The TNLA’s approach of avoiding direct confrontation with the military while quietly supporting anti-military resistance forces reflects the complexity of the situation Myanmar’s ethnic armed groups face. Reconciling their long-term objectives with pressure from their base to confront the regime makes for a rocky path to tread.

Complicating matters further, Beijing is keen to reduce tensions along the border it shares with Myanmar. Although TNLA leaders are sympathetic to the anti-military resistance movement, they are unable or unwilling to formally participate. Instead, they play a behind-the-scenes role. That helps explain why it has proven so difficult for the NUG and its allies to build a broad alliance to topple the regime, as many hoped might be possible at first.

SAY NO TO EXPANSION

Against this backdrop, the best near-term hope for the Ta’ang people of northern Shan state is that TNLA and its civil society partners will provide them with governance, services and a level of security that in the absence of the state will otherwise likely be unavailable. Some of its actions to date are positive.

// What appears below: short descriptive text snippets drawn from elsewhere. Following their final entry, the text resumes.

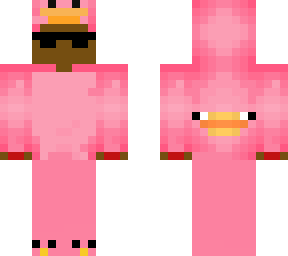 ducky david (pink)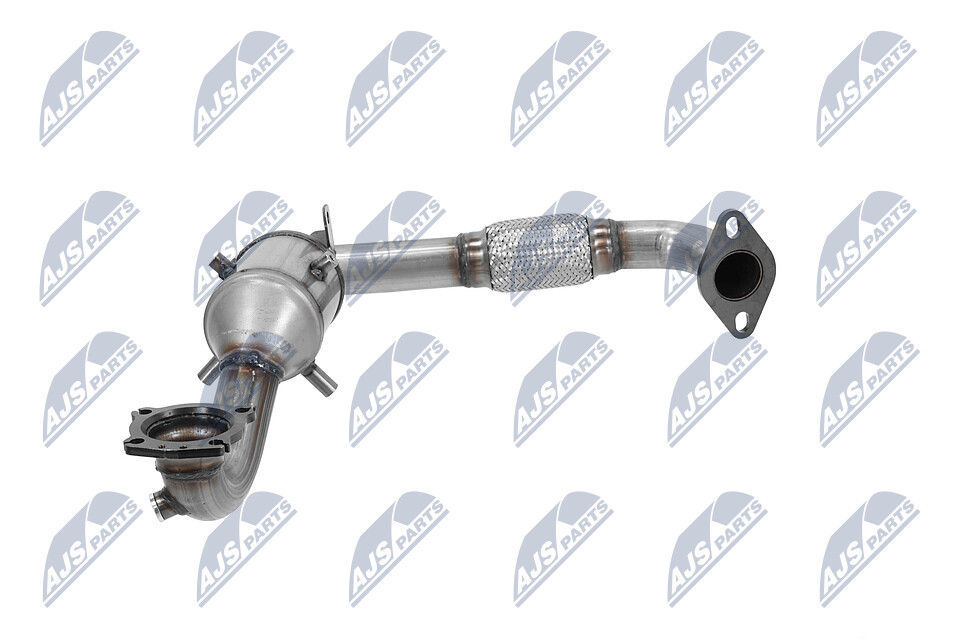 Katalysator NTY KAT-FR-002 som passar till FORD billigt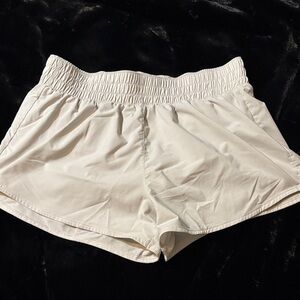 Nike Dri-FIT Light Gray Shorts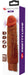 Gode vibrant Rufus Marron 20 x 4.3cm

Others – particularly those that involve underaged or forced recruitment of foot soldiers – should be stopped.

To the extent that the TNLA is considering expanding its territorial control, it should shelve the idea, recognising that it could wind up provoking both competing armed groups and the military regime. More effective self-administration will be a better focus for its efforts, and international actors should do what they appropriately can to assist it in this endeavour.